Return the data below exactly, minus the pictures.

*** Opening of Data section ***

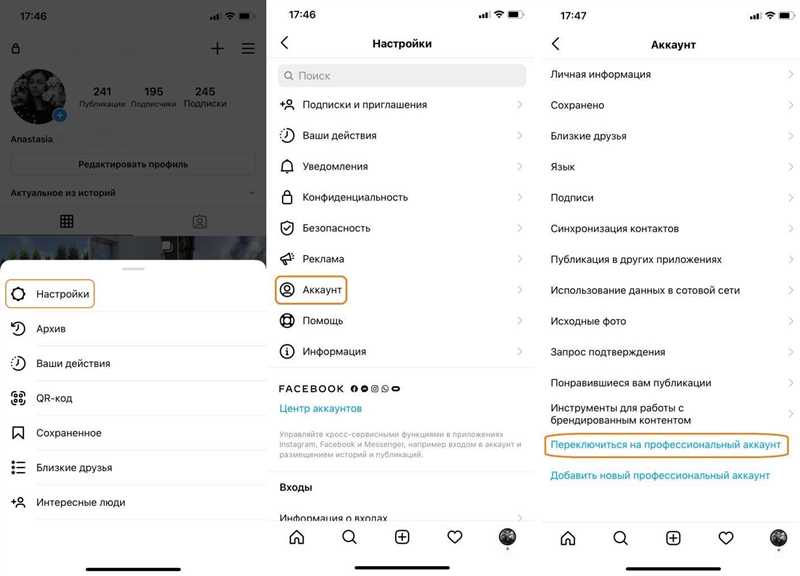 Как работать с креативами в Instagram – самое актуальное в 2020 году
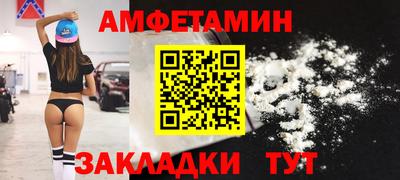 a pvp Партизанск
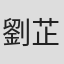 劉芷恆
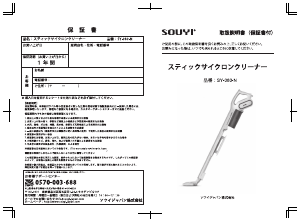 説明書 ソウイ SY-080-N 掃除機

*** Close of Data section ***

--- Your response ---
 Как работать с креативами в Instagram – самое актуальное в 2020 году
 a pvp Партизанск
 劉芷恆
 説明書 ソウイ SY-080-N 掃除機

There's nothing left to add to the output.